Image: A new Jew makes a commitment to a life of Torah. Photo by Linda Burnett.
Shavuot [shav-00-OHT or sh-VOO-us] is coming. Even thought it is a major Jewish holiday, only the more observant Jews will even be aware of it.
That’s a shame. It’s a beautiful holiday – and in real ways, it is the completion of the journey we began at the Passover seder. The trouble is that unlike Passover, it didn’t see as successful a transition to the new realities Jews faced after the destruction of the Temple in 70 CE.
HISTORY Shavuot combines two ancient observances: a festival for the first grain harvest of the summer and the chag, or pilgrimage holiday, celebrated in Temple times. All Jews who were able traveled to Jerusalem to observe the sacrifices and bring the first fruits of their harvests, remembering and celebrating our acceptance of the covenant at Sinai and the giving of the Ten Commandments. The drama and pageantry of the holiday made Shavuot a major event in the Jewish year.

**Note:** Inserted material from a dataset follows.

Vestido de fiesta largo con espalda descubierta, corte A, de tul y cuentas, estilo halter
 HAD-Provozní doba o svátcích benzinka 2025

Perhaps the most famous record of Shavout is that in the New Testament book of Acts, chapter 2. While that chapter refers to an experience of the disciples that later came to be remembered by Christians as Pentecost, one verse tells us a lot about Jerusalem during Shavuot:
Now there were staying in Jerusalem God-fearing Jews from every nation under heaven. – Acts of the Apostles 2:5
Jews from all over the known world gathered in Jerusalem for Shavuot! This tells us that:
- Jews lived all over the world by the year we now remember as 33 CE and
- Shavuot was so important, and such a pleasure, that they would travel from Italy, and Spain, and Babylon to attend the festival.
In the Bible, the festival has three names:
- Chag Shavuot [Festival of Weeks] (Exodus 34:22) because it comes precisely 7 weeks (49 days) after Passover
- Chag K’tzir [Festival of Reaping] (Exodus 23:16) because it aligns with the barley harvest in Israel
- Yom HaBikkurim [Day of the First Fruits] (Numbers 28:26) because this was the festival at which farmers would bring the first fruits from their fields to offer in the Temple.
THIS YEAR Shavuot begins at sundown on June 11 in 2016.
OBSERVANCE TODAY Today we observe Shavuot in a number of ways:
- Counting the Omer – Ever since Passover, we’ve been counting UP to Shavuot, building the anticipation for the holiday. Every night observant Jews say a blessing and announce the “count” of the day. We complete the count on the night before Shavuot.
- Tikkun Leil Shavuot – How better to celebrate the giving of Torah than to sit up all night and study it? Many Jews gather to study the night of Shavuot.
- Dairy Foods – It’s traditional to eat dairy meals on Shavuot, since if the law is newly given, there’s not yet time for meat to be kosher.
- In the Synagogue – We read from the Torah, we recite Hallel (a service of praise) and we have a special Yizkor (mourning) service. For service times, check synagogue websites or call ahead before the holiday begins.
- The Book of Ruth is the megillah (scroll) read and studied on Shavuot.
- Many conversions to Judaism are scheduled for the time around Shavuot, because of the connection with receiving the Torah and the Book of Ruth.
10 thoughts on “What is Shavuot?”
My favorite Jewish holiday, Rabbi, made all the richer by this lovely post. Thank you.
Thank you, Cindy! I wish you a sweet Shavuot this year! Only a few days to go!